● **SOURCE RECORDS**:
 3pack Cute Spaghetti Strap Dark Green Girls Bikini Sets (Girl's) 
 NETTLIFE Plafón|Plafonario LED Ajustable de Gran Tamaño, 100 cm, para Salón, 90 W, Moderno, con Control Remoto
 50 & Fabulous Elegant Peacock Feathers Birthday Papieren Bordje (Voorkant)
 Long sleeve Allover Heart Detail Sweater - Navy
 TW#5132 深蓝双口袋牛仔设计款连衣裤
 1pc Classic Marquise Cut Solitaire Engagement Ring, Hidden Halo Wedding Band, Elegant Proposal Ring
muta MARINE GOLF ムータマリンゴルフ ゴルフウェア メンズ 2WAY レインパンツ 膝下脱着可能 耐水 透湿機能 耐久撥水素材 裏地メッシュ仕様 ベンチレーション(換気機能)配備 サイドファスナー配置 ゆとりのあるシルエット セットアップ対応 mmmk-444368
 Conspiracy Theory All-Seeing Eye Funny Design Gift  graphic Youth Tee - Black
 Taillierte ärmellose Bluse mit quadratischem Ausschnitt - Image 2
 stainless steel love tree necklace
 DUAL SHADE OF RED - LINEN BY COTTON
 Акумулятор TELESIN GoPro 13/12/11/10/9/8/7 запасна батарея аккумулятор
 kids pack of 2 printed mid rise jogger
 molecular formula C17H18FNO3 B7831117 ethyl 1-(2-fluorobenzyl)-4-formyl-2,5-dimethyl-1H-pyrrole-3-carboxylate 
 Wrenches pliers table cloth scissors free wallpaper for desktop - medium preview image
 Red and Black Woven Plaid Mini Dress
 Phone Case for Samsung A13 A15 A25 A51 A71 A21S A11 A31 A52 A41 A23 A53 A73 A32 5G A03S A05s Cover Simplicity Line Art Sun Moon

● **WHAT YOU HAVE TO DO**:
Set down, please, the lines from the line holding "1pc Classic Marquise" through the final line of the data, exactly and with nothing added.

● **COMPLETED TASK**:
 1pc Classic Marquise Cut Solitaire Engagement Ring, Hidden Halo Wedding Band, Elegant Proposal Ring
muta MARINE GOLF ムータマリンゴルフ ゴルフウェア メンズ 2WAY レインパンツ 膝下脱着可能 耐水 透湿機能 耐久撥水素材 裏地メッシュ仕様 ベンチレーション(換気機能)配備 サイドファスナー配置 ゆとりのあるシルエット セットアップ対応 mmmk-444368
 Conspiracy Theory All-Seeing Eye Funny Design Gift  graphic Youth Tee - Black
 Taillierte ärmellose Bluse mit quadratischem Ausschnitt - Image 2
 stainless steel love tree necklace
 DUAL SHADE OF RED - LINEN BY COTTON
 Акумулятор TELESIN GoPro 13/12/11/10/9/8/7 запасна батарея аккумулятор
 kids pack of 2 printed mid rise jogger
 molecular formula C17H18FNO3 B7831117 ethyl 1-(2-fluorobenzyl)-4-formyl-2,5-dimethyl-1H-pyrrole-3-carboxylate 
 Wrenches pliers table cloth scissors free wallpaper for desktop - medium preview image
 Red and Black Woven Plaid Mini Dress
 Phone Case for Samsung A13 A15 A25 A51 A71 A21S A11 A31 A52 A41 A23 A53 A73 A32 5G A03S A05s Cover Simplicity Line Art Sun Moon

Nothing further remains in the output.